▽
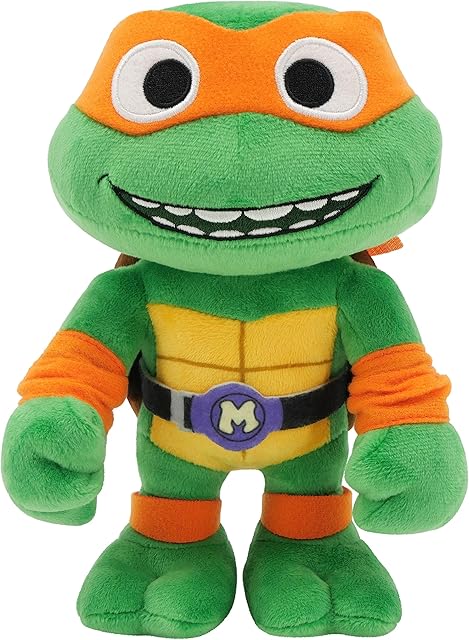 The Mattel Teenage Mutant Ninja Turtles: Mutant Mayhem Michelangelo Plush Toy, 8 Inch Orange Masked Soft Doll of TMNT Movie Goofball Pizza Lover Mikey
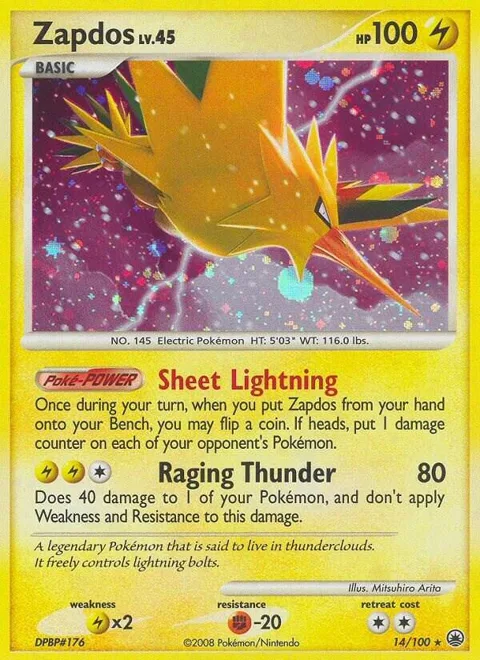 Zapdos #14/100 Reverse Holofoil Pokémon card from Majestic Dawn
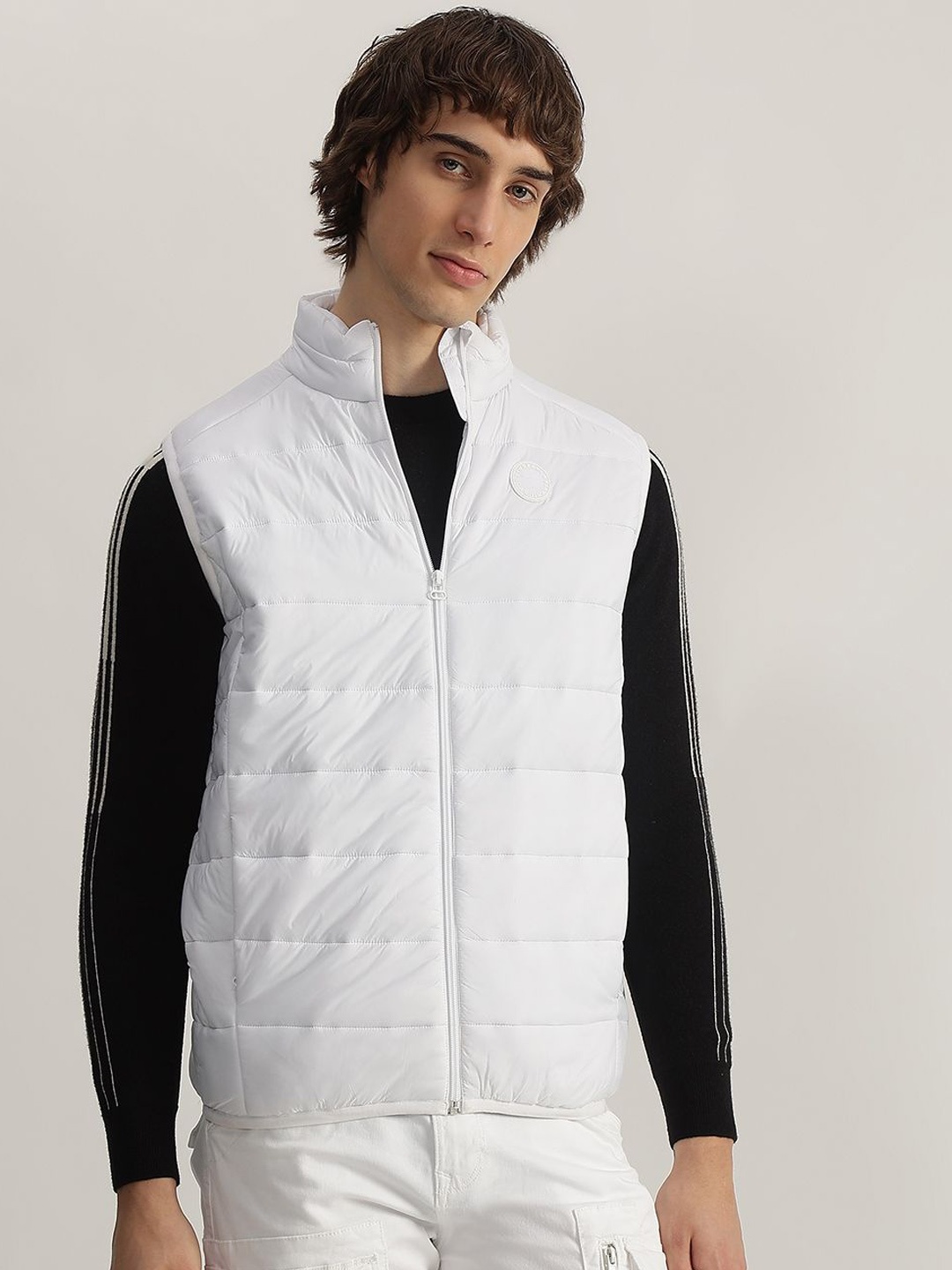 

LINDBERGH Men Mock Collar Solid Casual Padded Jacket, White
△
_Exercise objective_
All lines from the one holding "Zapdos #14/100 Reverse" through the last line of the material above should be set down exactly, and the pictures should be left out.

_Task answer_
 Zapdos #14/100 Reverse Holofoil Pokémon card from Majestic Dawn

LINDBERGH Men Mock Collar Solid Casual Padded Jacket, White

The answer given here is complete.